# TASK TO COMPLETE
When you copy the entries, omit the images and keep every word as it is.
■ ■ ■ ■ ■
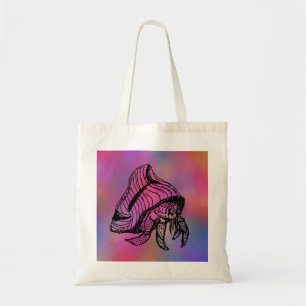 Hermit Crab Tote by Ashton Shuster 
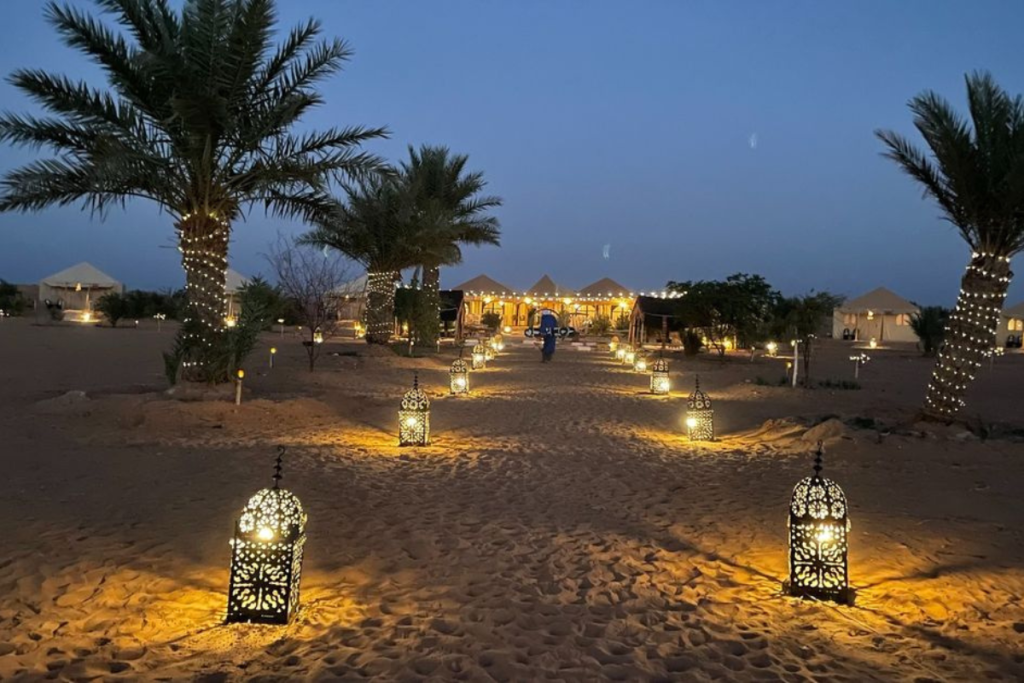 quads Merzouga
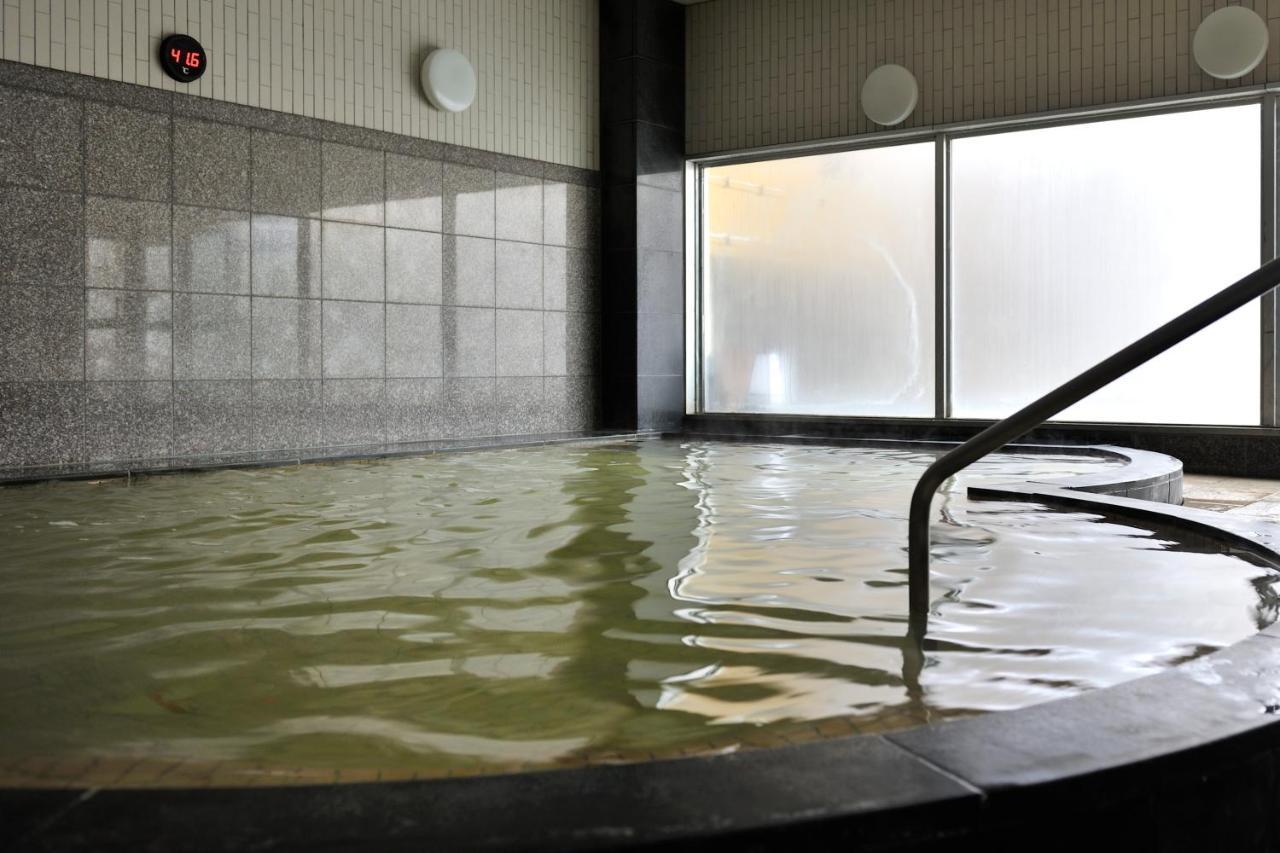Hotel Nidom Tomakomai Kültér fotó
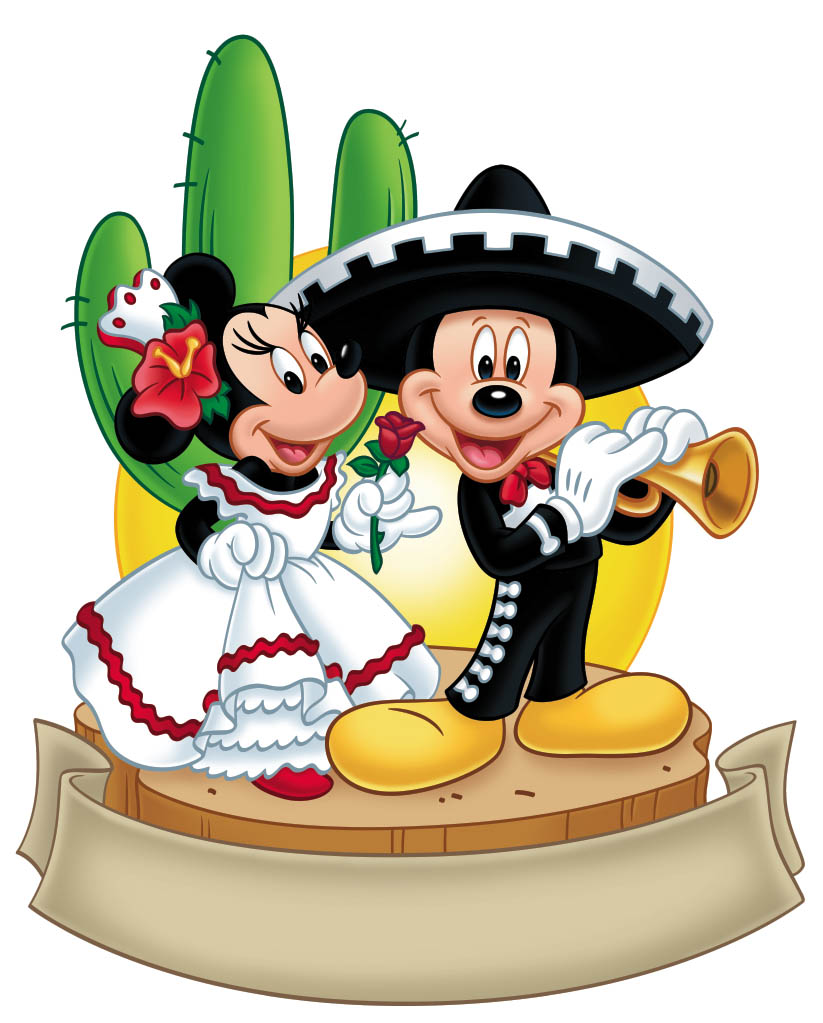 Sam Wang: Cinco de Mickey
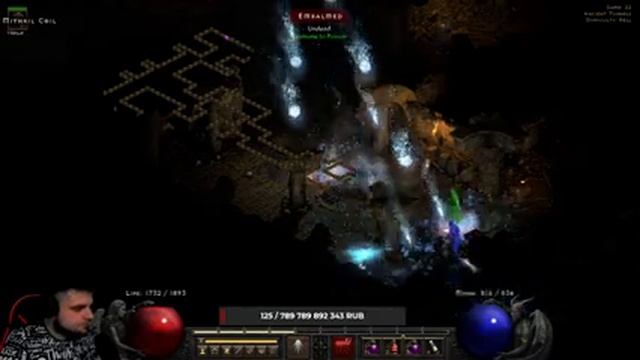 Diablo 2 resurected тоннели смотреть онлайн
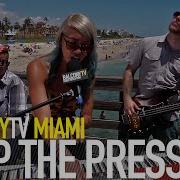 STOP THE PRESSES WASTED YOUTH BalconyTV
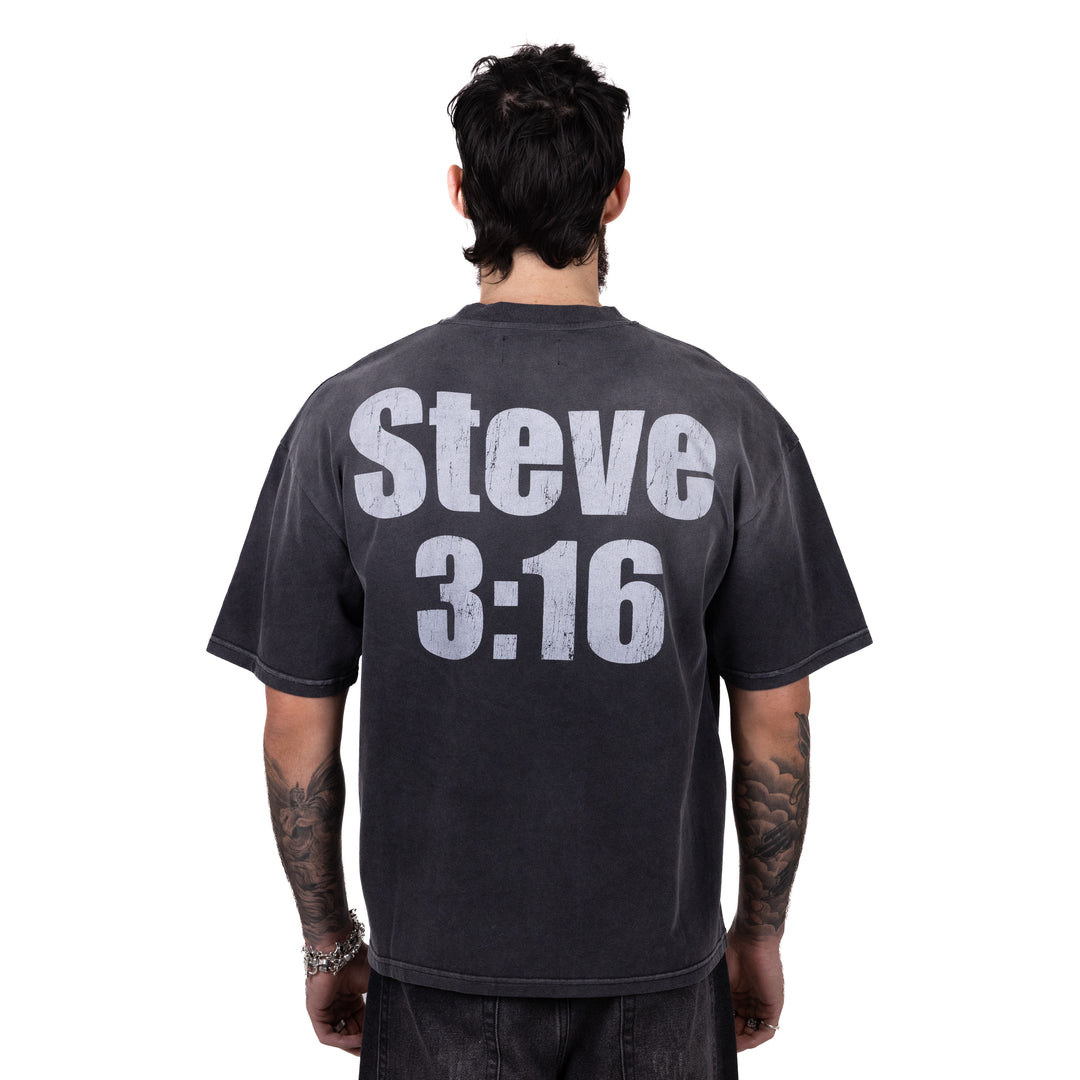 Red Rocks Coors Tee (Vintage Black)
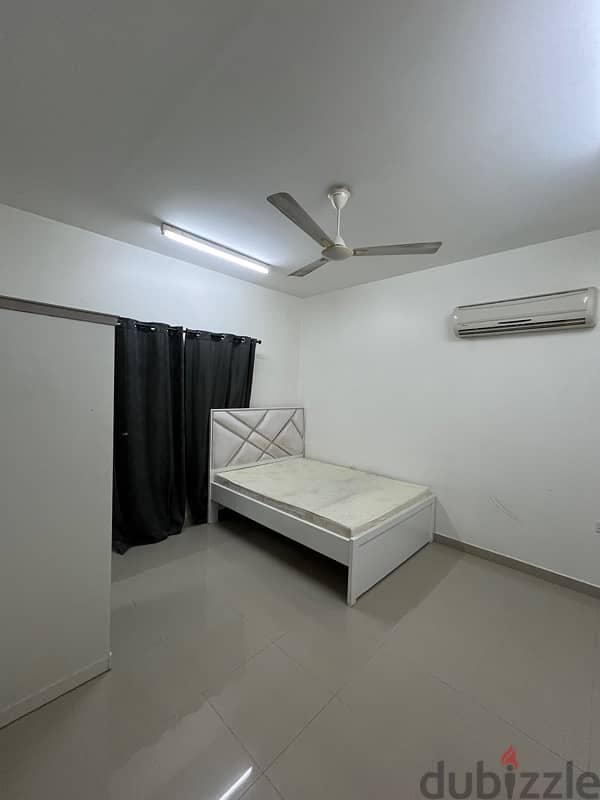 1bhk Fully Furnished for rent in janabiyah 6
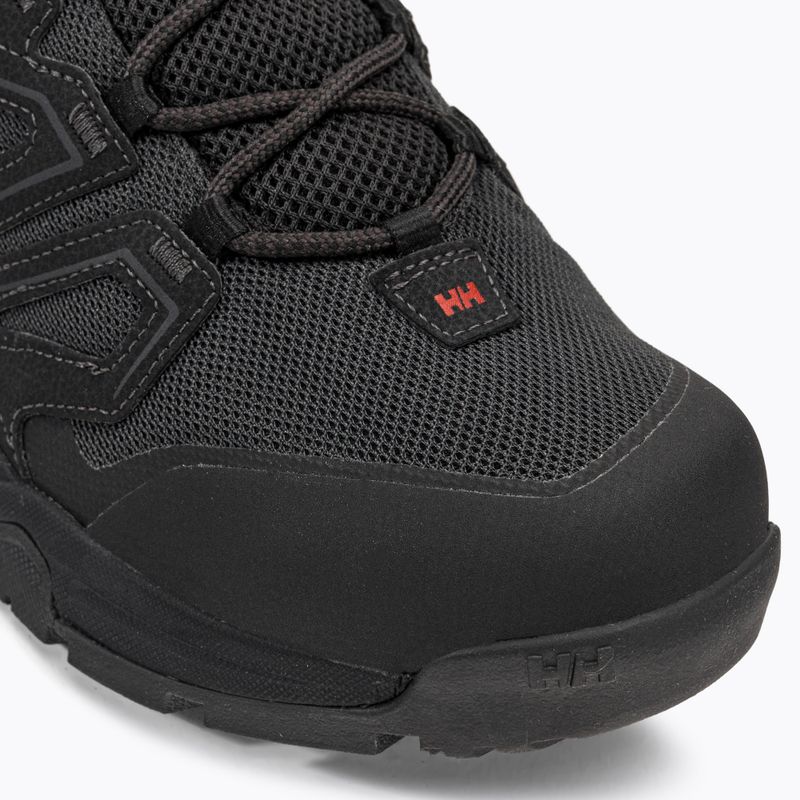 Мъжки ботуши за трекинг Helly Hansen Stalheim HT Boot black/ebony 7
■ ■ ■ ■ ■
# ANSWER TO THIS PROBLEM
 Hermit Crab Tote by Ashton Shuster 
 quads Merzouga
Hotel Nidom Tomakomai Kültér fotó
 Sam Wang: Cinco de Mickey
 Diablo 2 resurected тоннели смотреть онлайн
 STOP THE PRESSES WASTED YOUTH BalconyTV
 Red Rocks Coors Tee (Vintage Black)
 1bhk Fully Furnished for rent in janabiyah 6
 Мъжки ботуши за трекинг Helly Hansen Stalheim HT Boot black/ebony 7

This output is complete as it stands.